Can you tell our readers more about what you do and what you think sets you apart from others?
(I answered some of these on previous questions, but I’ll share a little more here.)

As an intimacy director/coordinator, my job is to be a choreographer and advocate for the actors. I’m present for the filming and rehearsing of any scene that involves kissing, simulated sex acts, nudity, or other highly vulnerable moments (birth, assault, etc). Not only do I help figure out the logistics of the scene (the blocking and choreography), but I also make sure actors have whatever they need to do their best work. That includes everything from breath mints to breaks to a voice in the room so that everything is consensual.

I’m very proud of my level of training and expertise. My own practices have grown and shifted as I’ve learned more, and I’ve had the privilege of learning from some of the leading professionals in the industry. There are fewer than 100 people in the world who carry my specific certification, and I love that I get to keep learning from other professionals still.

I bring many of the same guiding principles from my intimacy work into my work as a director and actor. One of my core beliefs is that art should not come at the cost of personhood, and that’s true whether I’m directing a rock opera, acting in a grassroots production, on a film set for a romantic scene, or rehearsing a challenging non-consent scene for theatre.

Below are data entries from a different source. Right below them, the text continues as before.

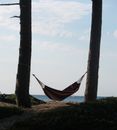 Hangmat tussen bomen op vakantie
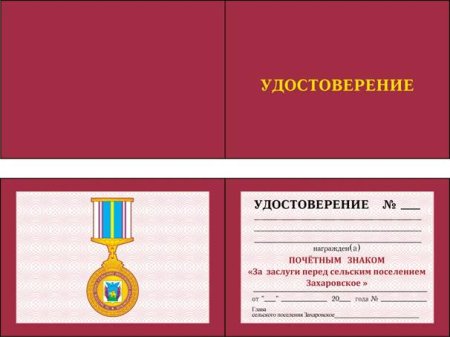 Удостоверение президента школьного самоуправления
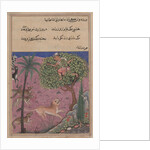 Page from Tales of a Parrot: Twenty-first night: The wolf and the jackal…, c. 1560 by Unknown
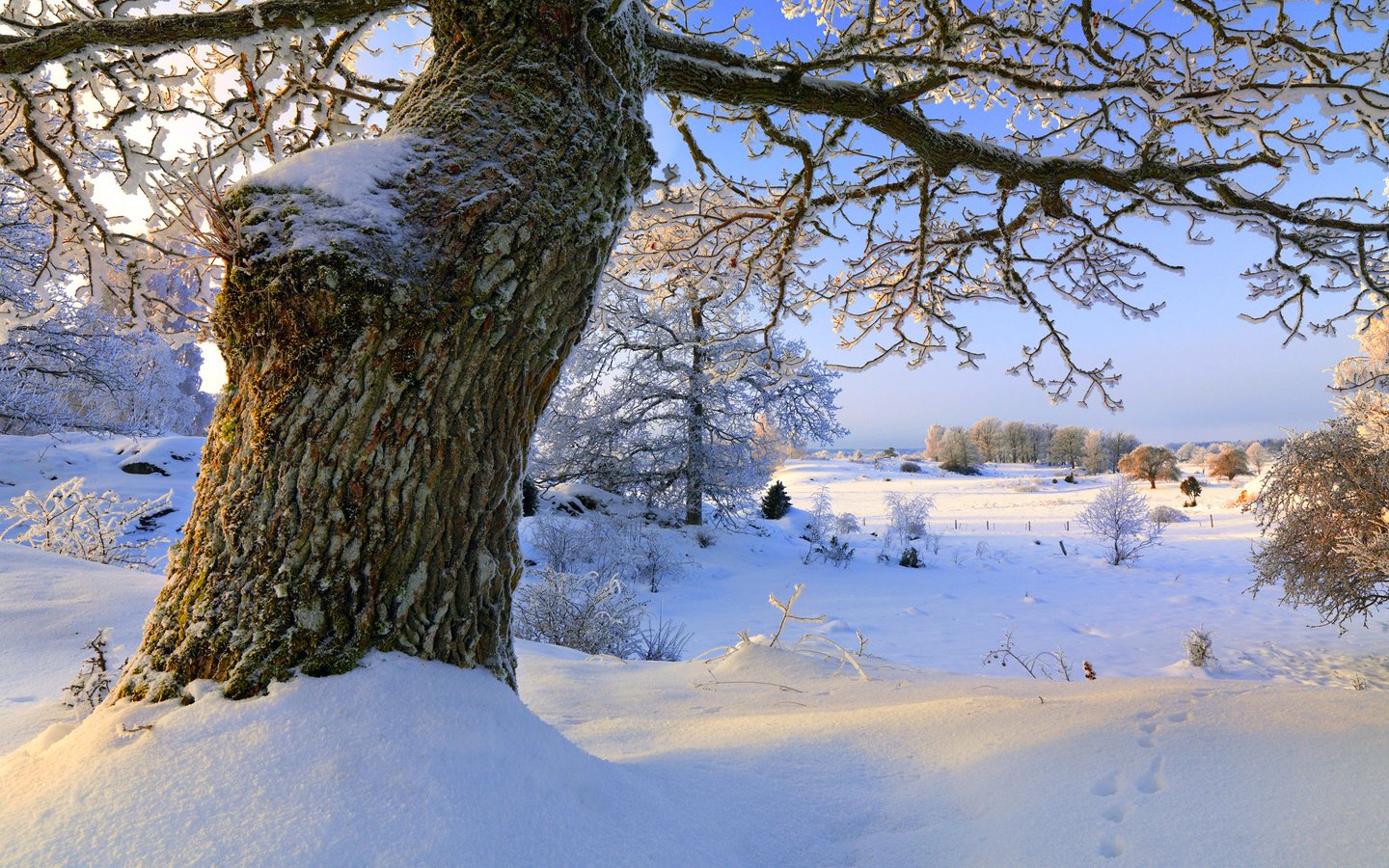 Обои снег, природа, дерево, зима, ветки, snow, nature, tree, winter, branches разрешение 1920x1200 Загрузить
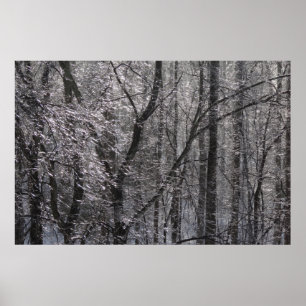 Poster Forêt de l'épaisse glacée dans la lumière du matin
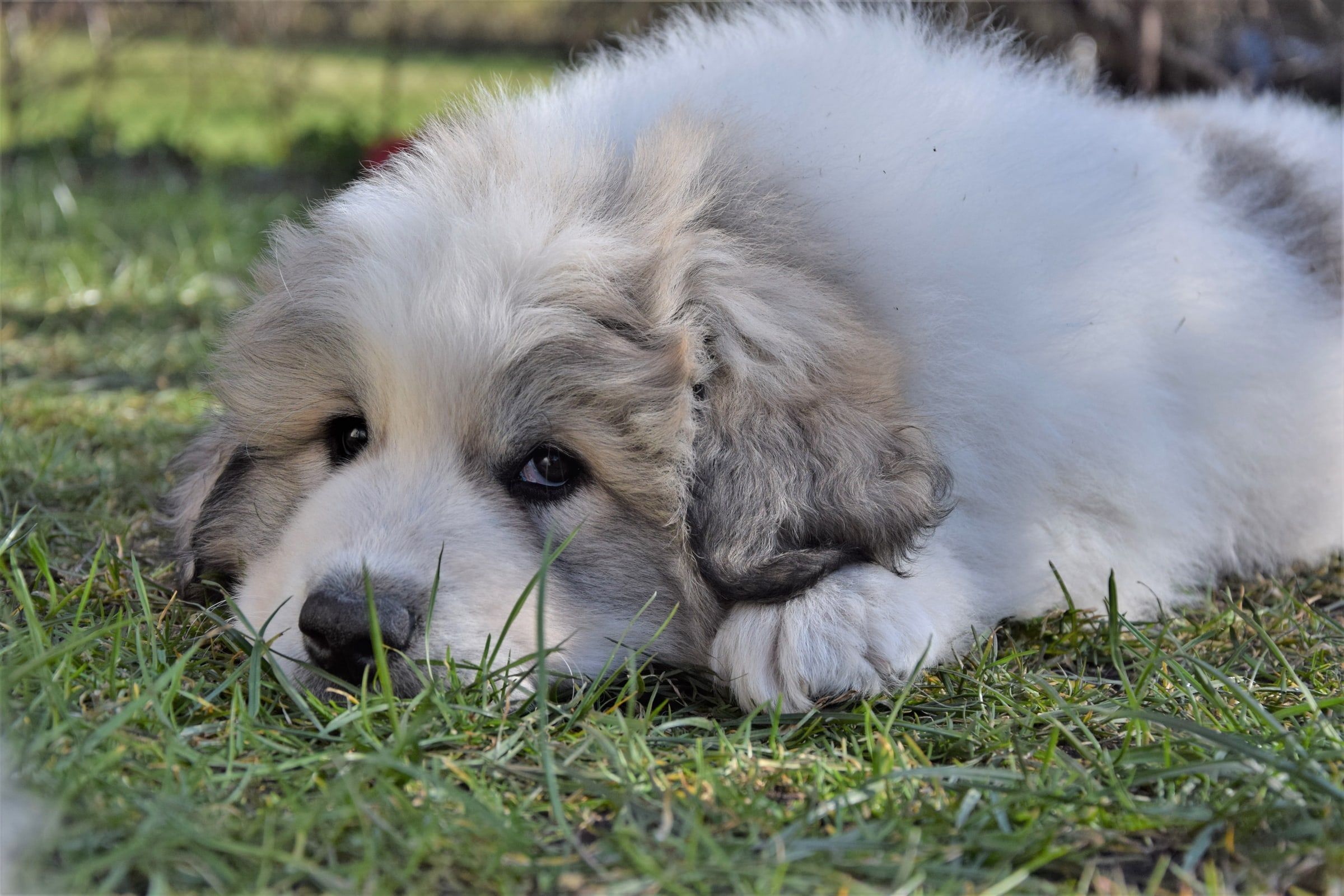 Pyrenean Mountain Dog puppy lying in the grass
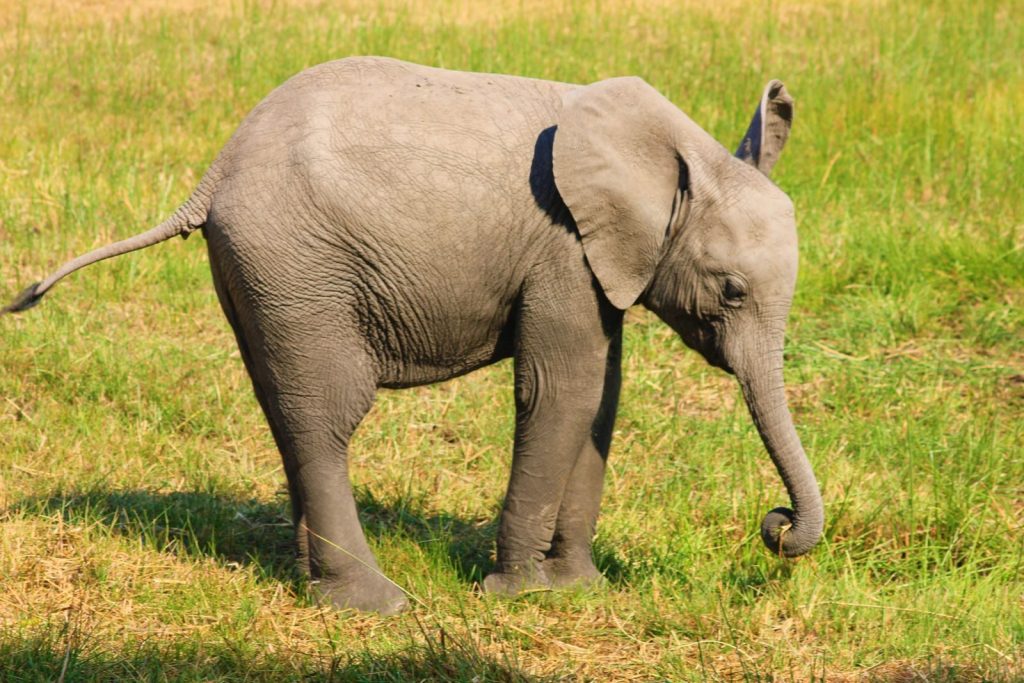 A cute baby African elephant (Loxodonta africana) exploring the grassy fields during a safari day.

Risk taking is a topic that people have widely differing views on – we’d love to hear your thoughts.
On a scale of 1-10, where 1 is no risk taking and 10 is risking it all, I’d put myself at about a 6. If and when I take a risk, it’s usually after a lot of careful thought and planning.

But there are times when you’ve got to jump off the cliff and build your wings on the way down. Sometimes the jumps are smaller (sending an email, applying for a certification program), so the risk is smaller.

And there are times when my attitude is “I have no idea how to do that, but I’ll give it a try!”

That’s what I said when I was asked to co-direct a rock opera with a cult following of 10+ years (Deep Love: A Ghostly Rock Opera). That’s what I said when I was asked to be the artistic director of a small, queer theatre company in Provo. I said it to myself when I decided to self-publish a romance novel, when I opened an Etsy shop of cross stitches, when I participated in my first poetry slam.

For me, it’s ALWAYS been worth it. Even when things don’t turn out the way I planned or hoped they would, there’s always a lesson to be learned. I don’t regret any of the times I’ve taken the leap. I’ve grown into a wiser, more experienced, and more capable person because of every time I’ve taken a risk.